Once inside I could hear them bantering away out front. The muscle bound freak manning the desk was doing a wonderful job of not making the cops’ job easy, simply because he had the mental capacity of a grape and was getting pissed at the questioning.
“Go in back and get the God-damn feed from today”.
“Fuck you, pig – make me”
“I’ll get it myself.”
“Not on my watch, mother fucker.”
“Get outta my way, dummy.”
SLAP. SLAP. SLAP. I couldn’t help but look. MMA and the two cops were fighting full tilt. I found the locker, nabbed the box and got out the window without any of them noticing a thing. Everything was golden, all I had to do was get around the corner, back in the car and drop over the horizon before the next squad car arrived and I was made. The only problem was that the car was gone. Bitch.
I ran off into the desert, knowing that if I was caught with it that’d put me down for everything and clear her slate. I made it as far as the Canyon just before dawn. I stank and vultures were circling overhead by noon. A tour bus had pulled in a few hundred yards ahead. I couldn’t risk exposing them to it, fuck that, letting anyone near enough to swipe it so I decided to climb down into the red rock and hide it. I didn’t get far before my sense were crippled with fear but luck was on my side and I stashed it in a crevice. The markers were decent, a flagpole, a wood cabin and a memorial plaque for some dead guys who went down the canyon river in row boats back in the day. I was choosing a forth when I saw her.
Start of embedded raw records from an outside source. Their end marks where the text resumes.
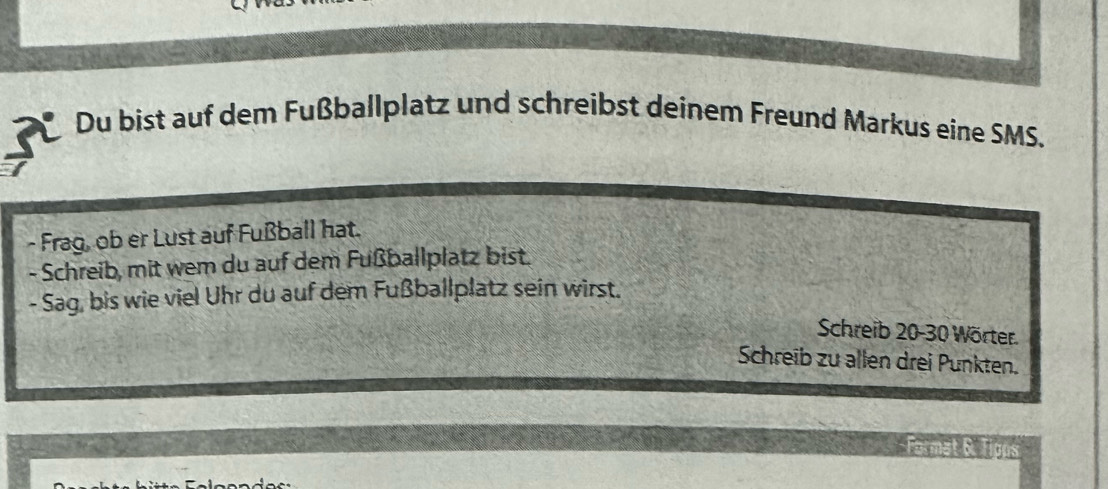 Du bist auf dem Fußballplatz und schreibst deinem Freund Markus eine SMS. 
- Frag, ob er Lust auf Fußball hat. 
- Schreib, mit wem du auf dem Fußballplatz bist. 
- Sag, bis wie viel Uhr du auf dem Fußballplatz sein wirst. 
Schreib 20-30 Wörter. 
Schreib zu allen drei Punkten. 
Format &. Tipps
Taser in hand, approaching at pace, she jabbed it into my side, knocking me to the ground. I scrambled to stay clear of the edge. This time she wasn’t letting me get any sort of a second chance and kicked me in the face. I gripped pathetically at the earth as I slipped over the side. Then I felt the pain. She dropped her stiletto hard, stabbing it through the bones in my hand and pinning me to the wall. Some of the tourists noticed the activity and unsurprisingly started to take photos and video as gravity conspired with her stiletto against me and began to tear a slow line through the tendons, inching me closer to death by the second. She looked at me, didn’t have to say anything by way of stating the obvious. I nodded. She dropped the taser, reached down and took my free hand. Dumb broad. I fucked her into the canyon and climbed to safety.
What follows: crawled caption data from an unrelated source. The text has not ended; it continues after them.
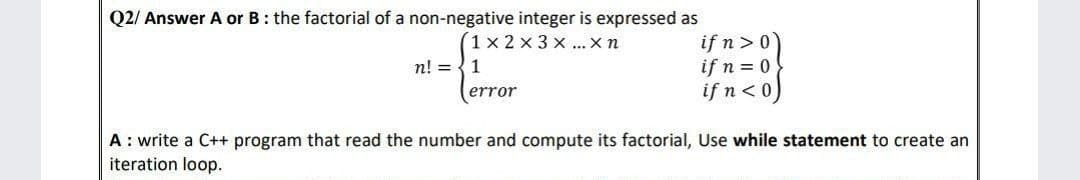 Q2/ Answer A or B: the factorial of a non-negative integer is expressed as
1x2x3x... X n
n! = 1
error
if n>0
if n = 0
if n<0)
A: write a C++ program that read the number and compute its factorial, Use while statement to create an
iteration loop.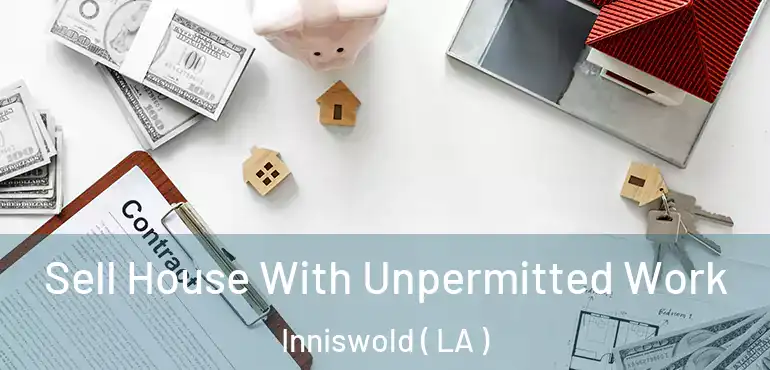  Sell House With Unpermitted Work Inniswold ( LA )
The stiletto came in handy. I managed to latch onto the leather belt around the box and drag it up as distant sirens rang out. I had no choice left but open it. Fuck the fortune it was worth, fuck the loss, fuck the death it had brought by my hands – if I was going to walk, this was the only way. I crawled under some shrubs, unclasped the belt and wrapped it around my hands. The latch broke apart on contact. I sat there for a moment, listening to the rush of footsteps on approach. The words I picked up indicated that the cops knew what I had. They were cordoning off the area. The flesh on my fingers slipped between the lid and the bulk then prized it open. The last thing I remember is the blinding light.
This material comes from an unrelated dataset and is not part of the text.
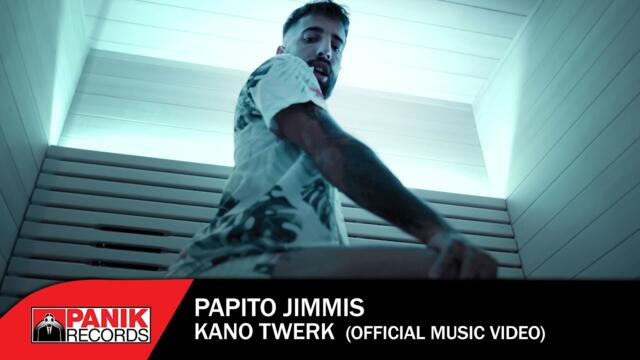 Papito Jimmis - Κάνω Twerk - Official Music Video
I woke in the desert, close to the highway, the box lying empty by my hand. A tour bus was pulling away. The windows were blacked out. I sat up, scanned the horizon until I saw the flashing blue lights way out in the distance. It’s value was gone, she was gone and I was back at square one again. I sat by the highway until sunset when I began to slump. Maybe it was the dehydration setting in, but the last time I looked the belt was clasped tight around the box and a car was on approach. The driver’s blonde hair was trailing in the breeze.